-->
Save your FREE seat for 流媒体 Connect this August. 现在注册!

是时候让PSNR退休了

文章特色图片

Virtually all experts on video quality metrics agree that the peak signal-to-noise ratio (PSNR) metric is a poor predictor of subjective quality. 然而,, PSNR comparisons are included in almost all codec comparisons, most recently in the excellent IEEE white paper, "Comparing VVC, HEVC and AV1 Using Objective and Subjective Assessments." It's time to retire PSNR, at least for these types of analyses. 

I was reminded of PSNR's poor performance, yet again, when I started reviewing test results for a new video quality metric from the ITU called ITU-T Rec. P.1204. 采取 退一步, the reason streaming producers use video quality metrics is to help make encoding decisions that improve subjective quality. 出于这个原因, the most critical performance feature for any metric is how accurately it predicts how human eyes will rate the same video. 
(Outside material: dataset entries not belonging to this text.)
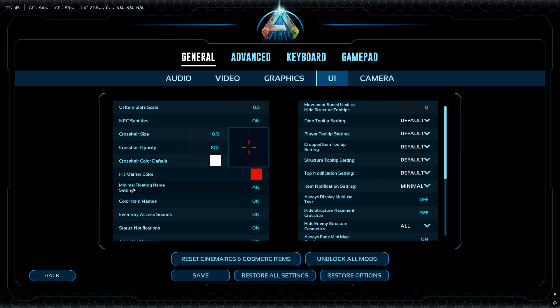In the UI settings, there's a really nice option: Minimal Floating Name. By default it's off, which means all your dinos will have floating names over their heads — that's a lot of info on screen. If you set it to On, a dino far away will only show a small green indicator; when you get close, you get the full info.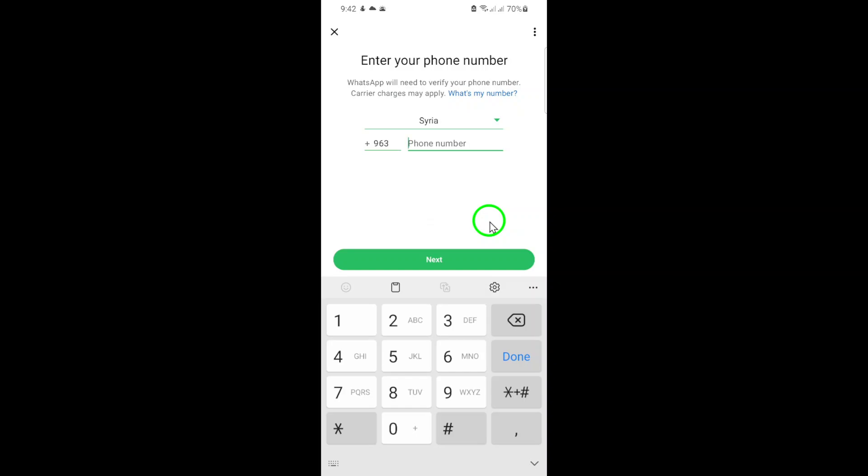That's it. You've successfully added another account to your WhatsApp. You can now switch between accounts easily without logging out. To switch between accounts, tap the three dots, then tap Switch Accounts. This makes managing multiple WhatsApp accounts more convenient than ever.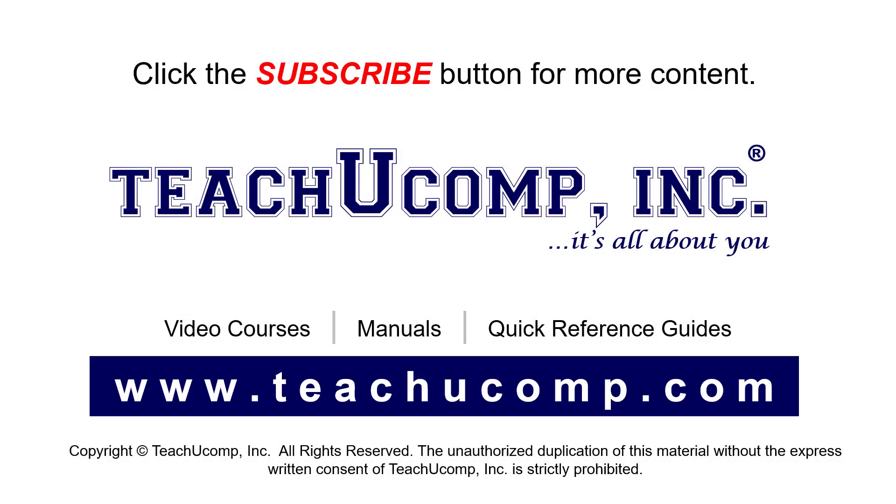Remember to click the Subscribe button to see more of our videos. See our full suite of courses, instruction manuals, and quick reference guides at www.teachucomp.com.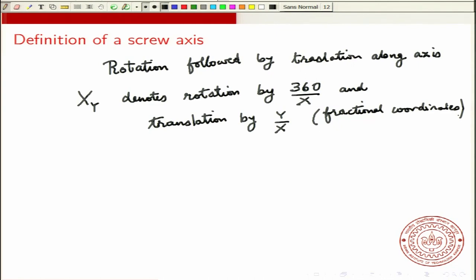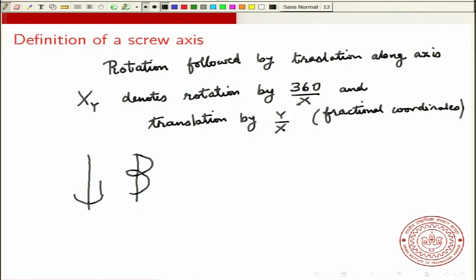You can see why it is called a screw axis. If you imagine this axis, what you are doing is rotating and then translating up. When you do these together, what it looks like is a screw. If you do it again, it looks like this — it generates some sort of a screw, which is the reason why this rotation with translation is called a screw axis.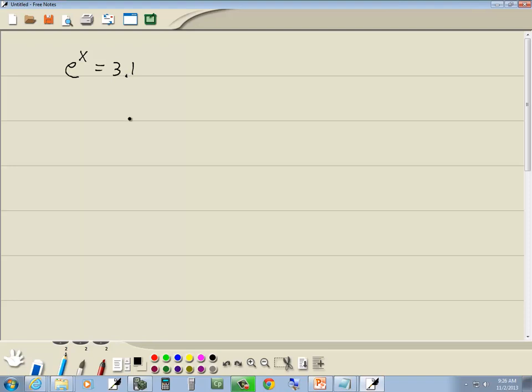This is an exponential equation, so we're going to go through our four steps for that. Our first step is get part of the variable in the exponent by itself, no numbers in front of it, no numbers after it. Well, this one's by itself.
To assess this, researchers compile databases of videos and subjective ratings from multiple viewers. Then they rate the score with the metric and see how these scores compare to the subjective scores for the same video. You can see three such comparisons in the graphic; on the left for P.1204.3, in the middle for PSNR, and on the right for Video Multimethod Assessment Fusion (VMAF). 在这三个国家中, vertical axis presents the results of subjective ratings, while the horizontal axis is the metric score. 

If the metric score matched the subjective rating perfectly, you'd see a solid line from the lower left to the upper right. No metric is perfect, so you never see a solid line. 然而, the more closely packed the datapoints are around that line, the more accurate the predictions. 看图表,P.1204.3是 most accurate, with VMAF next, and PSNR the 至少到目前为止. You can see a similar graph for SSIMPLUS.

The pattern in the graphs is verified by Pearson's correlation coefficient (PCC) for each dataset. Briefly, PCC measures the linear correlation between two variables: X and Y. According to Statistics Solutions, "If the coefficient value lies between ± 0.50和±1, then it is said to be a strong correlation." So despite the seeming randomness in the PSNR plot, a mathematician would say that the correlation is strong. Still, when more accurate metrics like VMAF, SSIMPLUS, and P.1204 are available, PSNR as a measure of quality is a waste of time and space. 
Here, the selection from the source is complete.